> **About this task**: Without the pictures, retype each line below exactly as it stands.
____
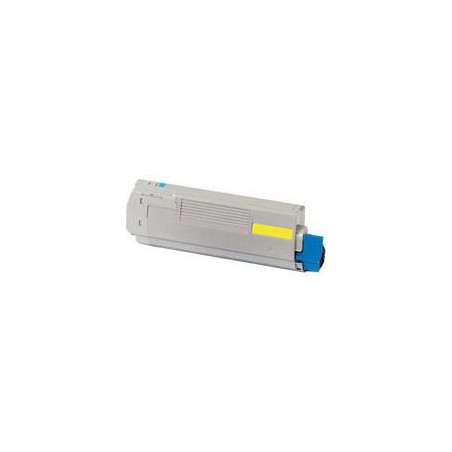 Žltý toner do C822 (7 300 stránok)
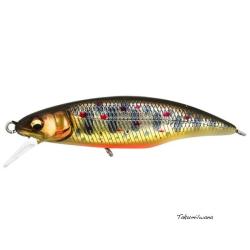 Poisson Nageur Megabass Great Hunting Flat Side Fast Sinking 5 cm TAKUMI IWANA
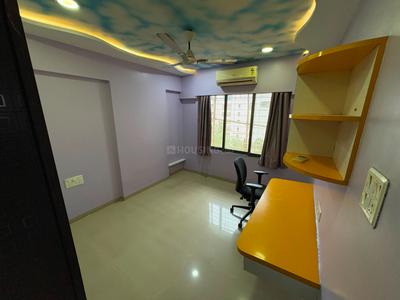 Hall Image of 650 Sq.ft 2 BHK Apartment / Flat for rent in Sudarshan Sky Garden, Kasarvadavali Thane for Rs. 38000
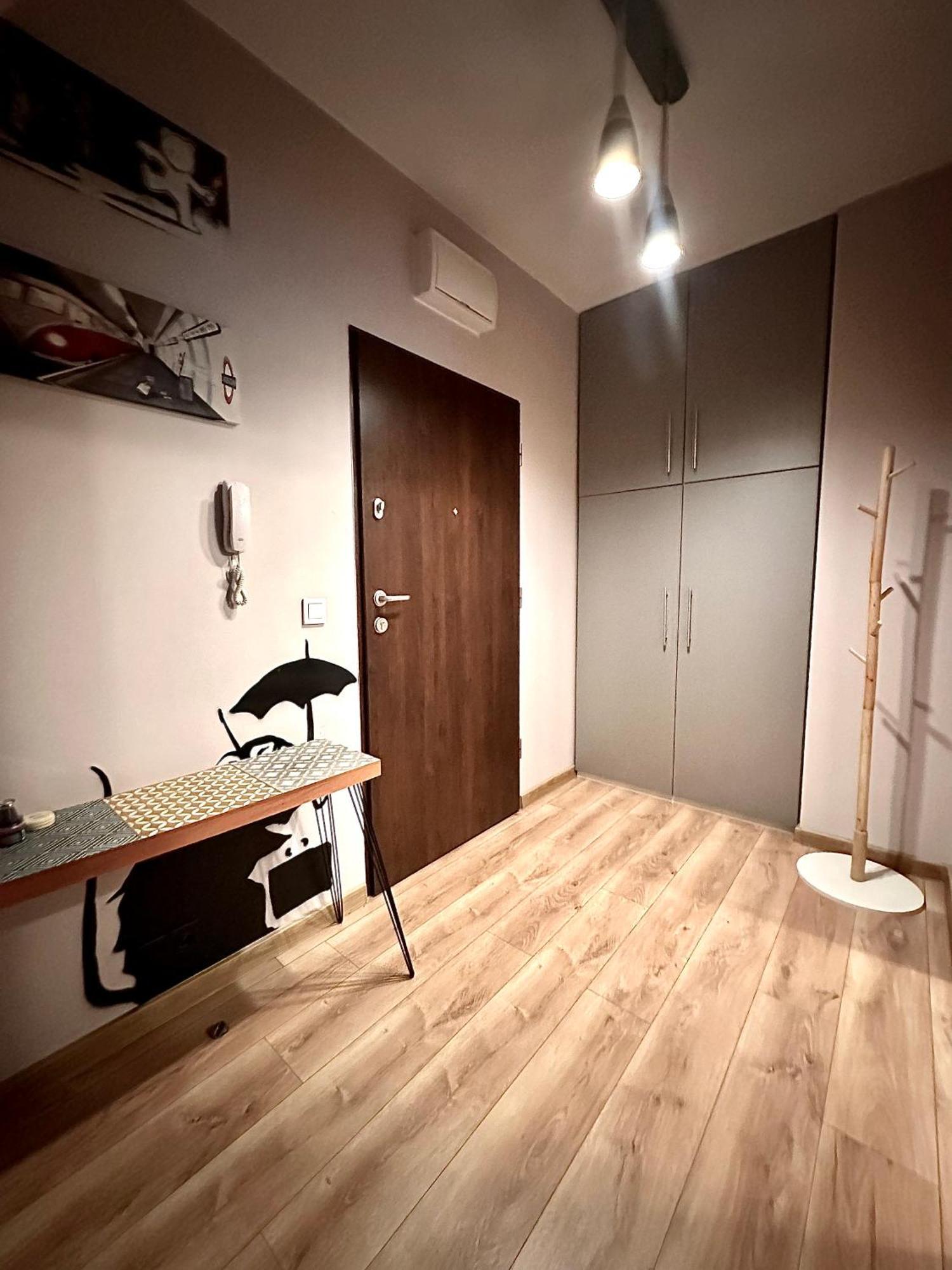 Apartmán "Banksy" Art Varšava Exteriér fotografie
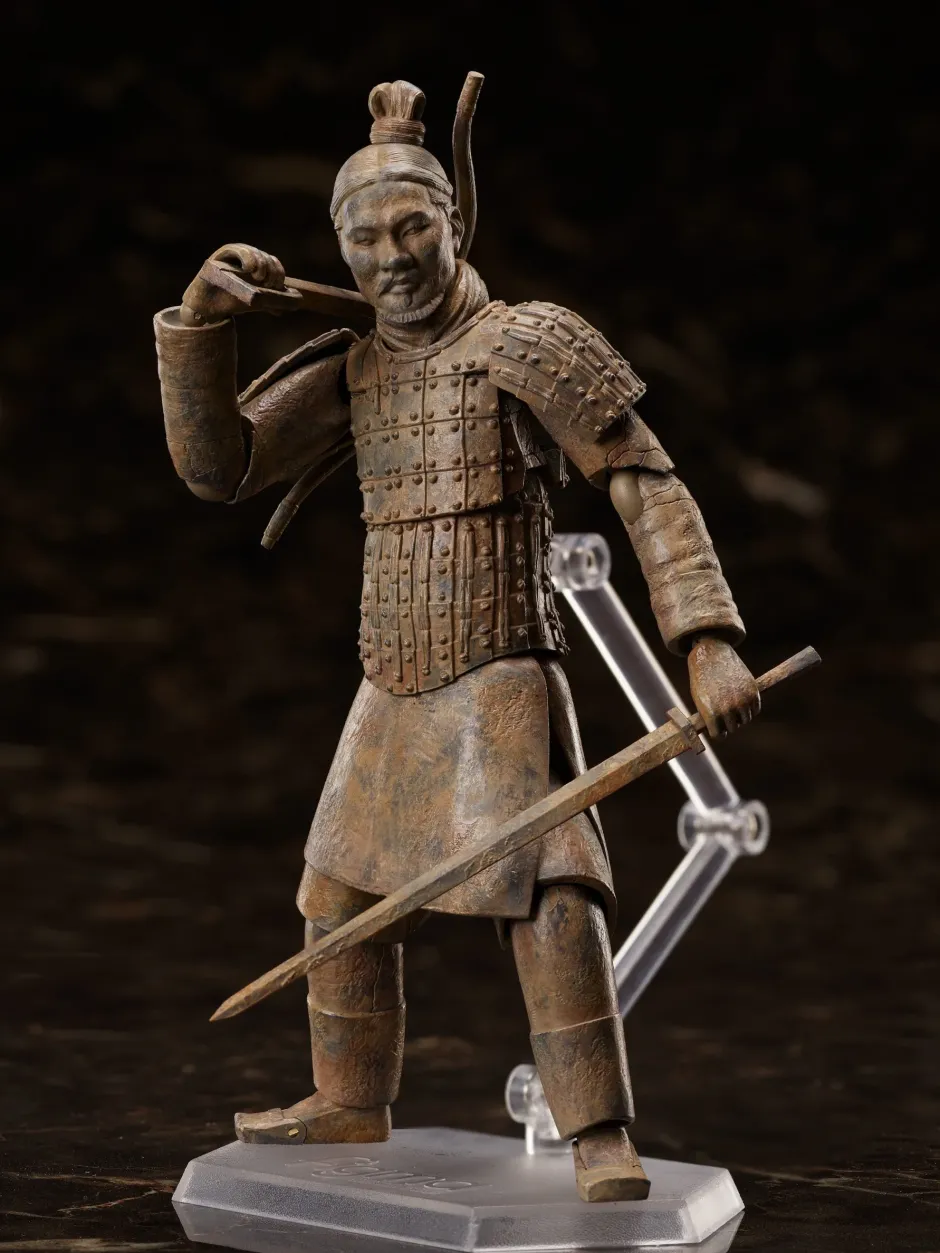 Action Figures>figma The Table Museum -Annex- Terracotta Army (Re-run)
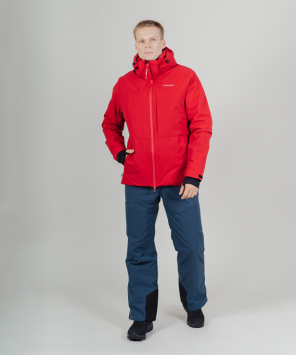 Горнолыжная куртка Nordski Prime Red NSM991900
____
> **Answer space**:
 Žltý toner do C822 (7 300 stránok)
 Poisson Nageur Megabass Great Hunting Flat Side Fast Sinking 5 cm TAKUMI IWANA
 Hall Image of 650 Sq.ft 2 BHK Apartment / Flat for rent in Sudarshan Sky Garden, Kasarvadavali Thane for Rs. 38000
 Apartmán "Banksy" Art Varšava Exteriér fotografie
 Action Figures>figma The Table Museum -Annex- Terracotta Army (Re-run)
 Горнолыжная куртка Nordski Prime Red NSM991900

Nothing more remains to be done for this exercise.